Asked to provide evidence of progress by several Tory MPs, he said he would not negotiate in public but reassured them he would give details of the UK’s proposals well before the end of September to meet a deadline set by German Chancellor Angela Merkel.
But he said the moves by MPs, including Conservatives, to pass legislation effectively blocking a no-deal exit on 31 October would “destroy any chance of negotiating a new deal”.
If the rebels succeeded in their aims, Mr Johnson said it would force him to go to Brussels to “beg for another pointless delay” to Brexit and he would “never” do that.
“It is Jeremy Corbyn’s surrender bill. It means running up the white flag,” he added.
No 10 has said the prime minister will push for an election on 14 October if the MPs succeed in blocking no deal.
But asked if he might simply ignore them and press ahead with a no-deal Brexit regardless, he said: “We will of course uphold the constitution and obey the law.”
Last-ditch efforts to get the Tory rebels on side have been taking place, but BBC political editor Laura Kuenssberg said the first meeting on Tuesday morning between the prime minister and the group went “less than swimmingly” and was “less than cordial”.
Further discussions reportedly began shortly after the PM’s Commons statement.

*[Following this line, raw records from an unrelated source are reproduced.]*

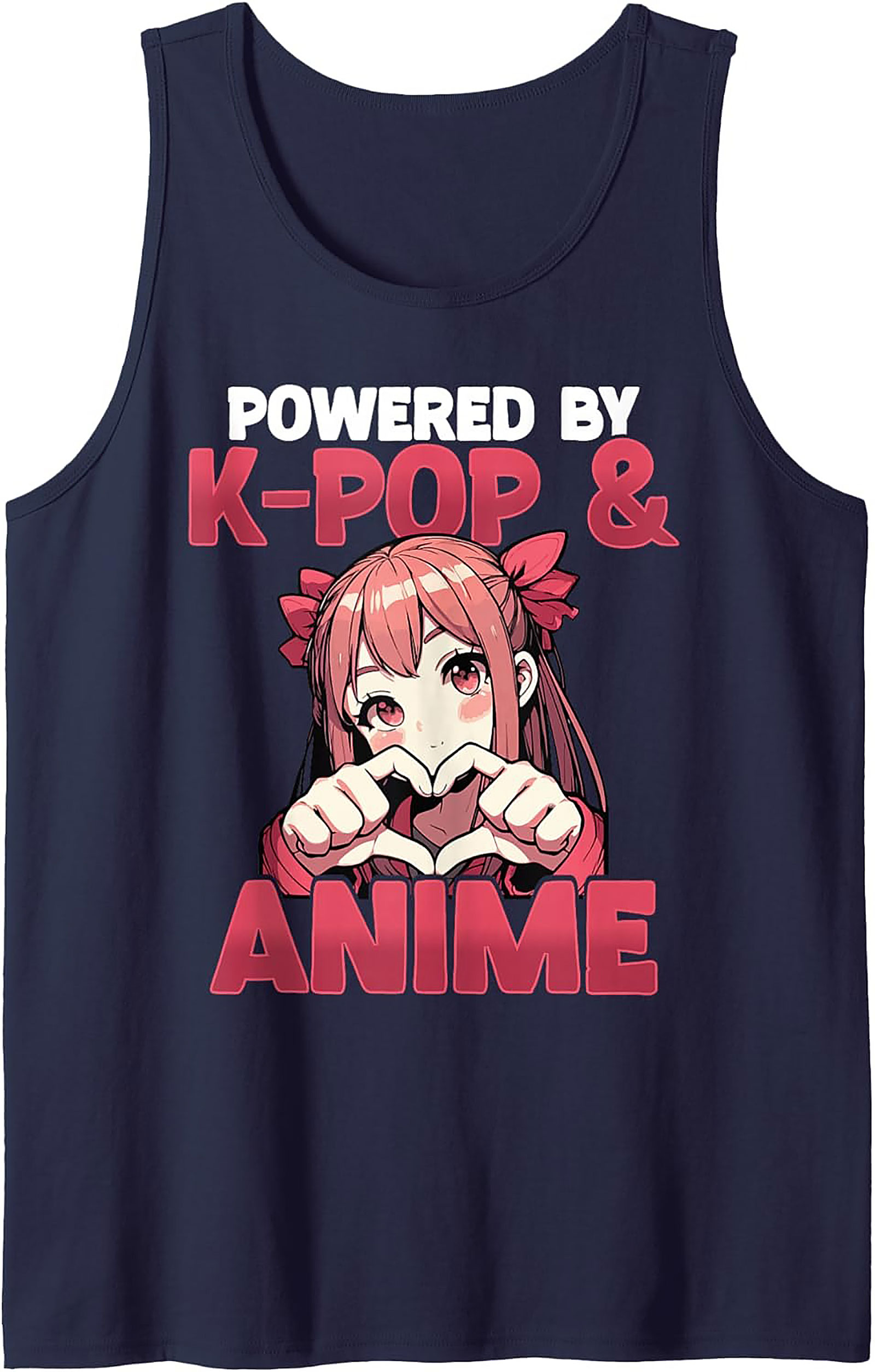 Powered By K-Pop & Anime Graphic Tank | Sleeveless Shirt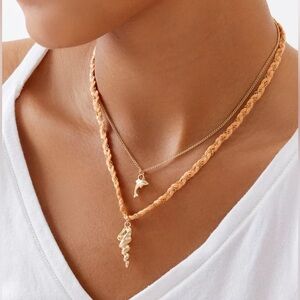Dylan Shell Charm Layering Necklace🐚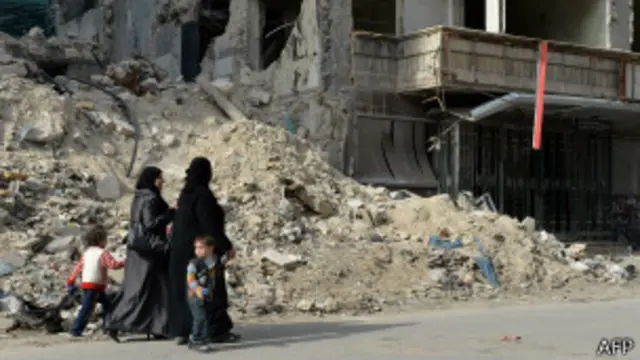 Сирийские женщины в Алеппо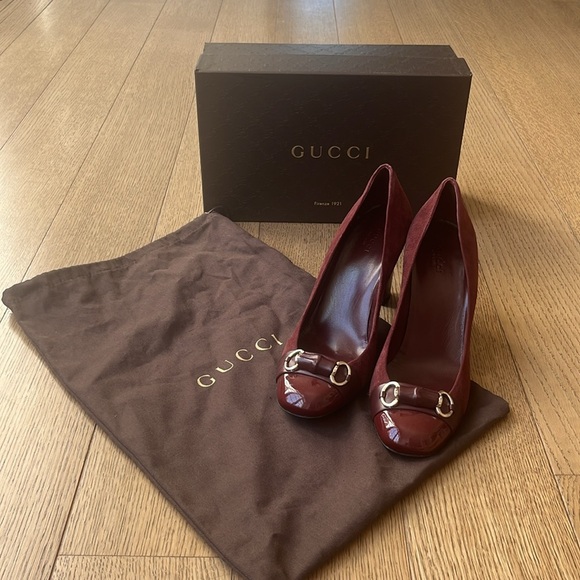 Gucci Horsebit Block High Heel Pump Size 39.5 - Picture 2 of 9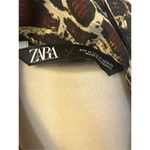 ZARA Satiny Animal Print Midi Skirt Set S/M Photo 4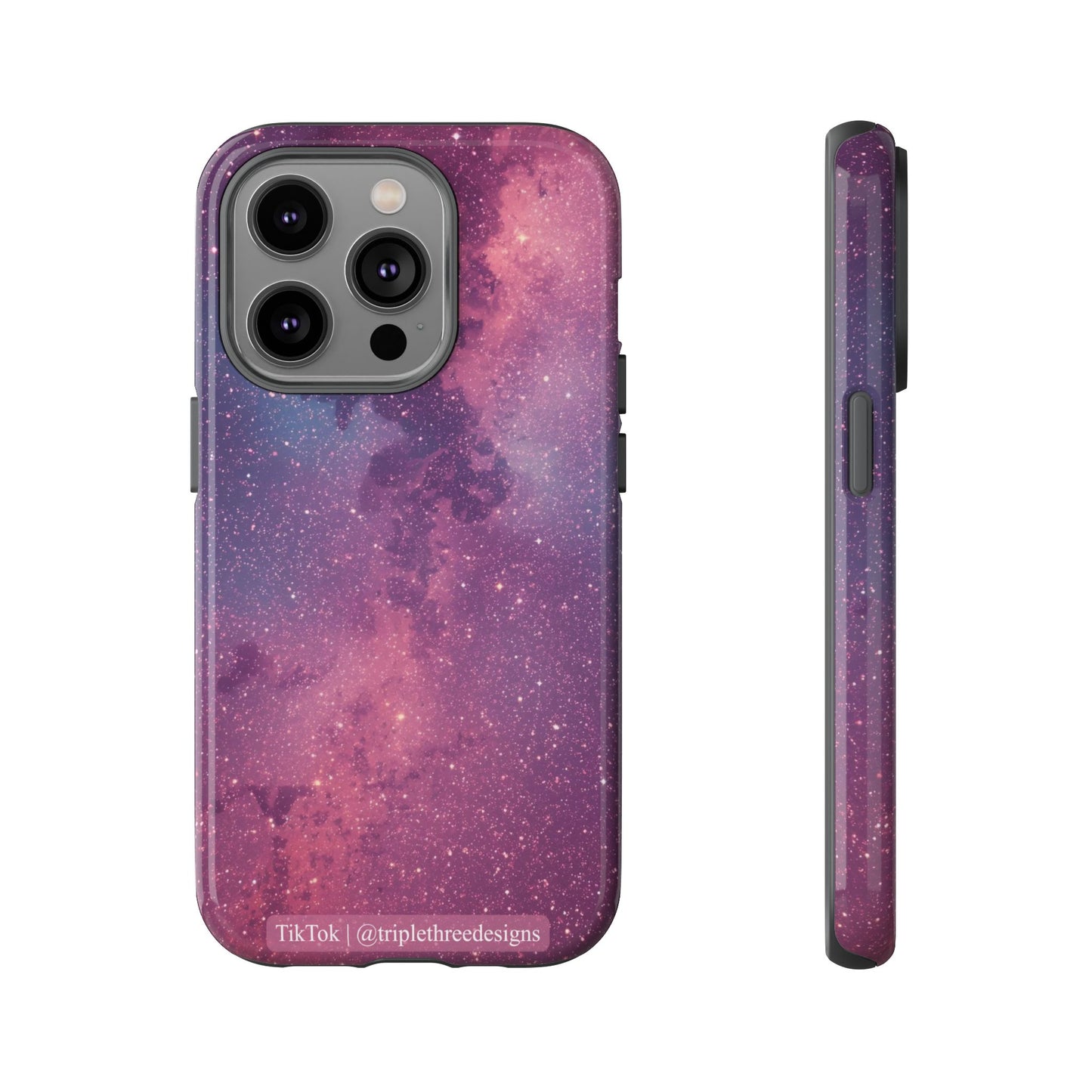 Pink Galaxy Nebula Phone Case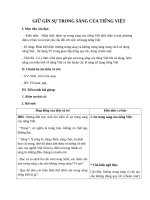 Giáo án Ngữ văn 12 tuần 2: Giữ gìn trong sáng của Tiếng Việt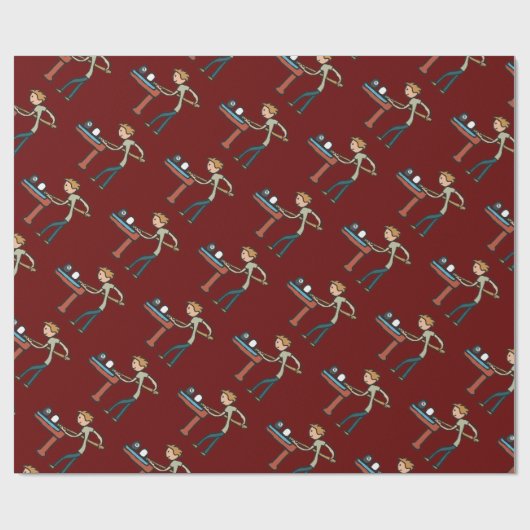 Acht Ball Pool Geschenkpapier (Flach)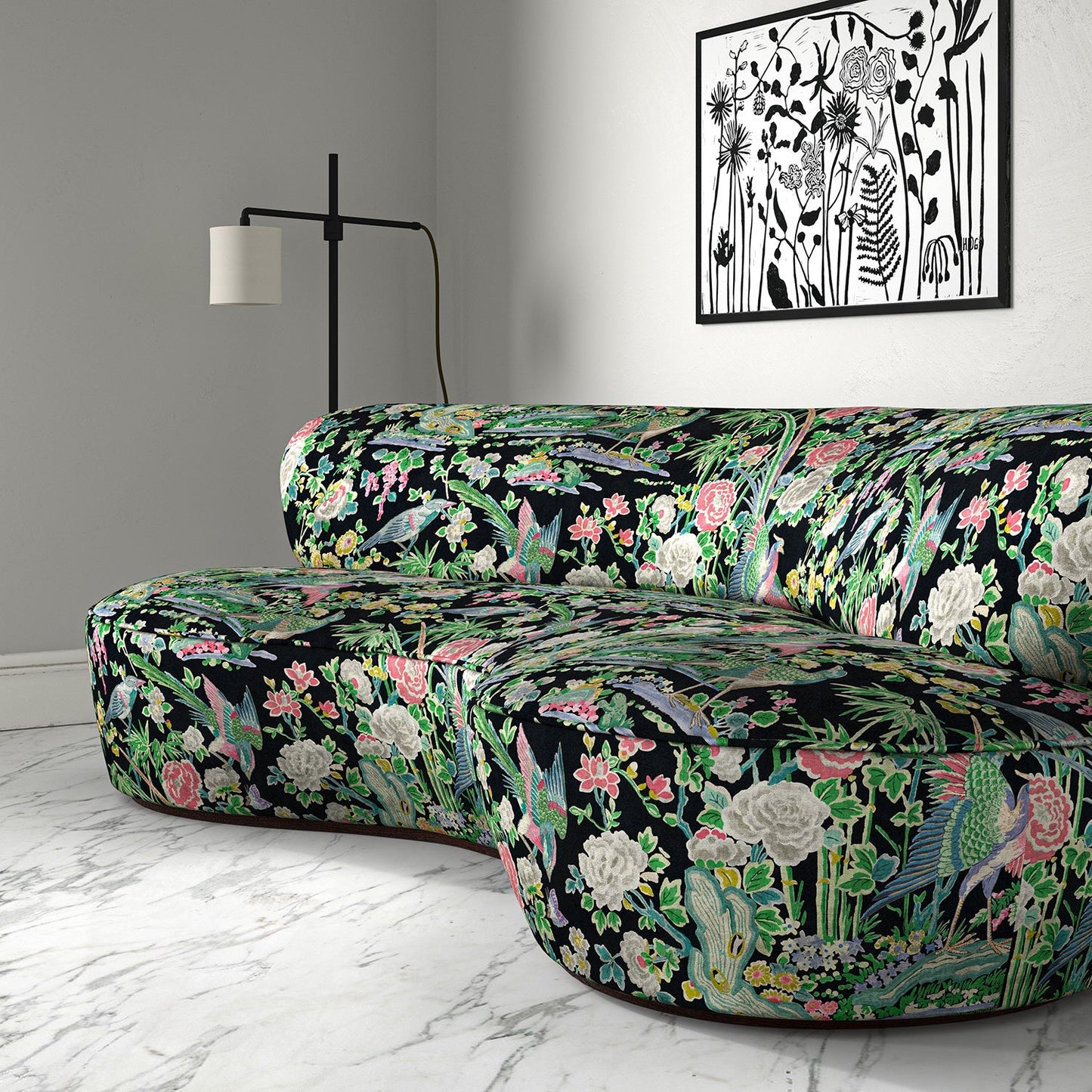 Linwood Mandai Velvet Midnight Made to Measure Curtains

There are thought to be about 15 confirmed rebels. The government had hoped the threat of an election – and of deselection and expulsion from the party – would be enough to bring them into line.
Before Dr Lee’s defection, Mr Johnson only had a working majority of one in the Commons.
In a letter to the prime minister, Dr Lee said Brexit divisions had “sadly transformed this once great party into something more akin to a narrow faction in which one’s Conservatism is measured by how recklessly one wants to leave the European Union”.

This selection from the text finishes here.